--- Input for this task ---
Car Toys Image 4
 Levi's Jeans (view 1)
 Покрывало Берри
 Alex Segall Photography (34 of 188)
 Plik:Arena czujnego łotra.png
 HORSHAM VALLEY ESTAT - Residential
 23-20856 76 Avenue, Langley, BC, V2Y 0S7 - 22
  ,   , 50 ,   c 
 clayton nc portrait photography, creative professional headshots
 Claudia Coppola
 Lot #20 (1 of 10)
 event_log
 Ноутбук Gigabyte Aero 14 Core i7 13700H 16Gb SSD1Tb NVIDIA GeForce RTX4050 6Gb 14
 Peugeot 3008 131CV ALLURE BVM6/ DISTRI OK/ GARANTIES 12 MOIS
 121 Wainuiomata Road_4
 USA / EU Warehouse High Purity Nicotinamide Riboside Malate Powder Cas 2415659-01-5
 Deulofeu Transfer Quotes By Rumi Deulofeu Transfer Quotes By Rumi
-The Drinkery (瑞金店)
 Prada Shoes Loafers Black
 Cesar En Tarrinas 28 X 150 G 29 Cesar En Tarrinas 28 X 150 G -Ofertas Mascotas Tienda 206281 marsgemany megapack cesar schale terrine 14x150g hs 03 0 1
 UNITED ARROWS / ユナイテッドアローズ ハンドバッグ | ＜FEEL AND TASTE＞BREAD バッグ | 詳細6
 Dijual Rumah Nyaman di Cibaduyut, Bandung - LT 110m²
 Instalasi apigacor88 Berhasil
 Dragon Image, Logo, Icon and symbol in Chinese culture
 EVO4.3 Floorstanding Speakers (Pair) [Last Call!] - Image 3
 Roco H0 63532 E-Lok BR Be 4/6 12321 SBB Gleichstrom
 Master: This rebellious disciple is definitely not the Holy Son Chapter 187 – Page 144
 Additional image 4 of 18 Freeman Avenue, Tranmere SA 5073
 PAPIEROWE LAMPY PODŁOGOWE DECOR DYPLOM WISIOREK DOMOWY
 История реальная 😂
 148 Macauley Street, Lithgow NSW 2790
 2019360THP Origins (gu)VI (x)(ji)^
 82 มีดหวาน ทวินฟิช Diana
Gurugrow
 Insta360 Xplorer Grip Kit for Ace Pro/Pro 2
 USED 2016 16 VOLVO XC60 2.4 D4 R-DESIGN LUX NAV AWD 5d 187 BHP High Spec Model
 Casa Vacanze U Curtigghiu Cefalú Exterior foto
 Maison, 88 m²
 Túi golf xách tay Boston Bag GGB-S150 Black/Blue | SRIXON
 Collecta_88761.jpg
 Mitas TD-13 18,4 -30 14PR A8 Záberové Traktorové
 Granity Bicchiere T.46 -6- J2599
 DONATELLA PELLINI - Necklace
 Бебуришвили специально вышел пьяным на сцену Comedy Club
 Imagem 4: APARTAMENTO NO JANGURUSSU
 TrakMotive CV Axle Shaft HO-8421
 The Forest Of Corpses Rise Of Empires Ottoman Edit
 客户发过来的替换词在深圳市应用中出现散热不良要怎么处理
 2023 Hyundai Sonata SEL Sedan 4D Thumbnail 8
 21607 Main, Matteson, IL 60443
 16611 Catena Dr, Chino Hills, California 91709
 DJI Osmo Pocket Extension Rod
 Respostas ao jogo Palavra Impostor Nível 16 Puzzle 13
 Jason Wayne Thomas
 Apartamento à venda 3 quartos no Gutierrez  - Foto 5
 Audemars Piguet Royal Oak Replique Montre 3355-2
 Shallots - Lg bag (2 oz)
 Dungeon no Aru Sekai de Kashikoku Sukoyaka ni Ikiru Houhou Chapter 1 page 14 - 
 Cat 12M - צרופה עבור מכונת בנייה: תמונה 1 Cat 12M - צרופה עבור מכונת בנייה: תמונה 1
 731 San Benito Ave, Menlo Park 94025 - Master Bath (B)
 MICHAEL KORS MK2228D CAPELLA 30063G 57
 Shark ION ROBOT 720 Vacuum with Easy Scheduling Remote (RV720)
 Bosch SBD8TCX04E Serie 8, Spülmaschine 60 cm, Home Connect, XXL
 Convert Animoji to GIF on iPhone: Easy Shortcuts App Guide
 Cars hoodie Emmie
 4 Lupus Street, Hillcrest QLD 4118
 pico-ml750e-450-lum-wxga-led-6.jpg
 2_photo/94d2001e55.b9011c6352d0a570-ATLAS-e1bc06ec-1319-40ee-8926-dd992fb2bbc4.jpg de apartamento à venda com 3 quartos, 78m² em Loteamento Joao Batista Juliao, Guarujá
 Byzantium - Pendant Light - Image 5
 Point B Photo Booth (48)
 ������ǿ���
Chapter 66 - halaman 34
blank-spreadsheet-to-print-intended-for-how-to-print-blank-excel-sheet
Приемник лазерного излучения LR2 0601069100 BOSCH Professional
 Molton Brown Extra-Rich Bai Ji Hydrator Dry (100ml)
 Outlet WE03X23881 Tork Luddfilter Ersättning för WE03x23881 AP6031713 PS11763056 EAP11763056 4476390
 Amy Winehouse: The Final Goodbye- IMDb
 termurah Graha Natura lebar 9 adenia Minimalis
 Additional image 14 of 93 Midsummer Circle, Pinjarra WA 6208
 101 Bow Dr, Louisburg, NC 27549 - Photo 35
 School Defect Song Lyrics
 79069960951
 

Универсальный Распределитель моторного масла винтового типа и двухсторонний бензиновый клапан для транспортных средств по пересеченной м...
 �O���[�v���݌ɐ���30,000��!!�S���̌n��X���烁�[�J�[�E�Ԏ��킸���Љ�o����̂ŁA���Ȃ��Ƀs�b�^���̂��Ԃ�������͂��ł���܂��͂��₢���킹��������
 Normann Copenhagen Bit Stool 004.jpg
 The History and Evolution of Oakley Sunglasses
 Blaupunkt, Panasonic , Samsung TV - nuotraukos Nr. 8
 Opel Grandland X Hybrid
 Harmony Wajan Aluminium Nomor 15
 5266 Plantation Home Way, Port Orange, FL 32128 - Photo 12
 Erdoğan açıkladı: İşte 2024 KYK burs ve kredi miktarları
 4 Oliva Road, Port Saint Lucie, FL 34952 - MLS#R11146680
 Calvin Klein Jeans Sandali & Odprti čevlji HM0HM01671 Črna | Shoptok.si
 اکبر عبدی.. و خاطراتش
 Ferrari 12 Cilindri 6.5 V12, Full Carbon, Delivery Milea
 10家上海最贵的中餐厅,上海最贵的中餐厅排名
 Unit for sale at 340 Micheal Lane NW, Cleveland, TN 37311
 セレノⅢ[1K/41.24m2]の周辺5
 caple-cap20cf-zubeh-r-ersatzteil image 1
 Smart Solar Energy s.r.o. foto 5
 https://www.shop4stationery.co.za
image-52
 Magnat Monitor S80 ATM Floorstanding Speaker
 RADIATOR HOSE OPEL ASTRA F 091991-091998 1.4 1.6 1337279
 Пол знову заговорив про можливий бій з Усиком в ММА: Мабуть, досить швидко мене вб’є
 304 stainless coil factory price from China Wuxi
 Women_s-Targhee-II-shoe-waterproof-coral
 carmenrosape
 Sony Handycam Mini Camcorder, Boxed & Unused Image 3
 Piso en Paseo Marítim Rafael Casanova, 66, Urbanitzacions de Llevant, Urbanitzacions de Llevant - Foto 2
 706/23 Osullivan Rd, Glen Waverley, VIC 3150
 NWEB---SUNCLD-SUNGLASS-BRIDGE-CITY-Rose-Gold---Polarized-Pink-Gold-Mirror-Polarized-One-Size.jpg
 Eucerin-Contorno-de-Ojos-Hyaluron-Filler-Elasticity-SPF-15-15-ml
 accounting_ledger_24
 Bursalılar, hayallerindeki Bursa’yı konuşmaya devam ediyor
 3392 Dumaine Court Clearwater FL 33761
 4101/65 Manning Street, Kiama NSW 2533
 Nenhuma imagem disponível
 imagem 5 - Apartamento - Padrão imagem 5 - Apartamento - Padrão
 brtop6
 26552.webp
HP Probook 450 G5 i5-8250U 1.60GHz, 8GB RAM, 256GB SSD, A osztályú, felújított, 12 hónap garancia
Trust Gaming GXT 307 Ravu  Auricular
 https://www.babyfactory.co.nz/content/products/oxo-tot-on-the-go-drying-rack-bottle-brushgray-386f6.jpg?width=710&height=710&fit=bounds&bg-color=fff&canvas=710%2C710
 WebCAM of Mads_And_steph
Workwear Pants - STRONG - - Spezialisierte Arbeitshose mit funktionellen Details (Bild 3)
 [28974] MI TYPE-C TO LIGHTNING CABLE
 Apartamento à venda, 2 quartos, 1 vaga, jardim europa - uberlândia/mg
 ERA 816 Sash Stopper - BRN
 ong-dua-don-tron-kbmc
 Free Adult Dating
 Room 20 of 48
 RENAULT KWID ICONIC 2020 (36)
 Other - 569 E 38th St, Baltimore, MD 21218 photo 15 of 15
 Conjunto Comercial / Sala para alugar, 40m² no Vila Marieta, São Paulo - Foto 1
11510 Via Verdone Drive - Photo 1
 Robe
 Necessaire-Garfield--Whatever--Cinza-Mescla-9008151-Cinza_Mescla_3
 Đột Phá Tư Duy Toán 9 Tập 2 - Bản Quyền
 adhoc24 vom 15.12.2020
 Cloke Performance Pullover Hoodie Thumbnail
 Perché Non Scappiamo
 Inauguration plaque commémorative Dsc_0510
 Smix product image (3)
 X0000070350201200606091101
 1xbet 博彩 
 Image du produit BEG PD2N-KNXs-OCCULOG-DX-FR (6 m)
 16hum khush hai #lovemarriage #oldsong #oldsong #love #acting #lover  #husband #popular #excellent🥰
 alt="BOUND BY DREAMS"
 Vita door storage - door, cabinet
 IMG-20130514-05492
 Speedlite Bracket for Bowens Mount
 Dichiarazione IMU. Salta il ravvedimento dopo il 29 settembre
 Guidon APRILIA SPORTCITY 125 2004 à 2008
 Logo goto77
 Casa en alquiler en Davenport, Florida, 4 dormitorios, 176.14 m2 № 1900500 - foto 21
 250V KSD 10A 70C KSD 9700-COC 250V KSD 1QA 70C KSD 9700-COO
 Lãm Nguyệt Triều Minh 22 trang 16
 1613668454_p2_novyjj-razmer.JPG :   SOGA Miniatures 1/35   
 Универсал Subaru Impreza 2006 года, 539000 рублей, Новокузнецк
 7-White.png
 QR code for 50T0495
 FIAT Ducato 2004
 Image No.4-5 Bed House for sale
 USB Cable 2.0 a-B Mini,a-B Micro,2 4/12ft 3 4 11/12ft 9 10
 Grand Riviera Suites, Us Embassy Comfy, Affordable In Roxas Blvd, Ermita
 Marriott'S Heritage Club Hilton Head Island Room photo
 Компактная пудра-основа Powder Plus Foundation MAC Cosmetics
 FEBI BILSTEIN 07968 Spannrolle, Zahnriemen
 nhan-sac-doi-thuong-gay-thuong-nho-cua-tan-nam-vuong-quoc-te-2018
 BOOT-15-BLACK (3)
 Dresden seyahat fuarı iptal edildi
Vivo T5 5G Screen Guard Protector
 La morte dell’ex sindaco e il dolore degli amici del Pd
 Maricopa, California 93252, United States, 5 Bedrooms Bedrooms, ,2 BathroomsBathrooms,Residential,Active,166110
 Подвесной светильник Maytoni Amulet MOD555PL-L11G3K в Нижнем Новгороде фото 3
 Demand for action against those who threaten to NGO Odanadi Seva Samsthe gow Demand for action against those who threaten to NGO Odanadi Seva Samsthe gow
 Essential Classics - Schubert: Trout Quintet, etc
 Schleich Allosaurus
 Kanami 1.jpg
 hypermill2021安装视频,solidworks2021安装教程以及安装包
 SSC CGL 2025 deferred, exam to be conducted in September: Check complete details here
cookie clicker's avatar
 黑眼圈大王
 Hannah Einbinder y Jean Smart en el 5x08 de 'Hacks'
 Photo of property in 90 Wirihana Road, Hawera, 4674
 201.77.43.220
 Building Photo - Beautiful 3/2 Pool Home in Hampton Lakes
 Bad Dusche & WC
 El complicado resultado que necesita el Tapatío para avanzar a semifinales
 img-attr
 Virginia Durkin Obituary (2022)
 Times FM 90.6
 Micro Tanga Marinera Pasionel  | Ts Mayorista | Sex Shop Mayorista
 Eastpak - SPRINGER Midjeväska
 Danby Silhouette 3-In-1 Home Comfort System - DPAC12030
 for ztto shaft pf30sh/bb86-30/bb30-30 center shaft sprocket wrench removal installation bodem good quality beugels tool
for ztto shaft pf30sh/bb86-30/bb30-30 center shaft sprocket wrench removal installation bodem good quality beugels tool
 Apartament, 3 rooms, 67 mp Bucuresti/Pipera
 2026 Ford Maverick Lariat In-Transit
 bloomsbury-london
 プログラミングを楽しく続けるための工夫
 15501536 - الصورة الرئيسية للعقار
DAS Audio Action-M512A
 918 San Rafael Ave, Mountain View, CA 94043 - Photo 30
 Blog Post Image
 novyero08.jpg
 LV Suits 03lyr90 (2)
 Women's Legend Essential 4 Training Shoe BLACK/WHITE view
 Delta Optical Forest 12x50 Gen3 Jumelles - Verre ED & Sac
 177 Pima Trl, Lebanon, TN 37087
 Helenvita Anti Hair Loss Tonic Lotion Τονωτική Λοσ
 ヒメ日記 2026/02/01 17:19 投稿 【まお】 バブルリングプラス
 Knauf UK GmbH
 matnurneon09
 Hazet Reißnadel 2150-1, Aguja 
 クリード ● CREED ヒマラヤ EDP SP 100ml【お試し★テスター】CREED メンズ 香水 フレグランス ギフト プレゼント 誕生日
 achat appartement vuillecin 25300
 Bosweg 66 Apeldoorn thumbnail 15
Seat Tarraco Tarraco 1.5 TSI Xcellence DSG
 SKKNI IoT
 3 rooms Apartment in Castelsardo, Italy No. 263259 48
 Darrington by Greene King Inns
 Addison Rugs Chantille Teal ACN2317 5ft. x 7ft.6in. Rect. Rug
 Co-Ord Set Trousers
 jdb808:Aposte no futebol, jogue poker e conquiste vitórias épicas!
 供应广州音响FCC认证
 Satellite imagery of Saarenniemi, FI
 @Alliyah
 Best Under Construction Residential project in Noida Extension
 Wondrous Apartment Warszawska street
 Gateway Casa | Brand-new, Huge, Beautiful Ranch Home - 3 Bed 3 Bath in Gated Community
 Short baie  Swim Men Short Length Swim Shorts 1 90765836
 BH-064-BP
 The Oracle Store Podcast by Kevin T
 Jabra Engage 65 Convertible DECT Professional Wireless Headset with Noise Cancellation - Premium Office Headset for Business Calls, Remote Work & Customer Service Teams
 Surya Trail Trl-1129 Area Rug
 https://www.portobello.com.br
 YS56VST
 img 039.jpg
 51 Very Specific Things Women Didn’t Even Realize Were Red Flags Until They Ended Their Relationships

--- Task item ---
An exact, complete copy of the lines above from the one with "2023 Hyundai Sonata SEL Sedan 4D Thumbnail 8" through the one with "Jason Wayne Thomas" is the whole answer.

--- Your solution ---
 2023 Hyundai Sonata SEL Sedan 4D Thumbnail 8
 21607 Main, Matteson, IL 60443
 16611 Catena Dr, Chino Hills, California 91709
 DJI Osmo Pocket Extension Rod
 Respostas ao jogo Palavra Impostor Nível 16 Puzzle 13
 Jason Wayne Thomas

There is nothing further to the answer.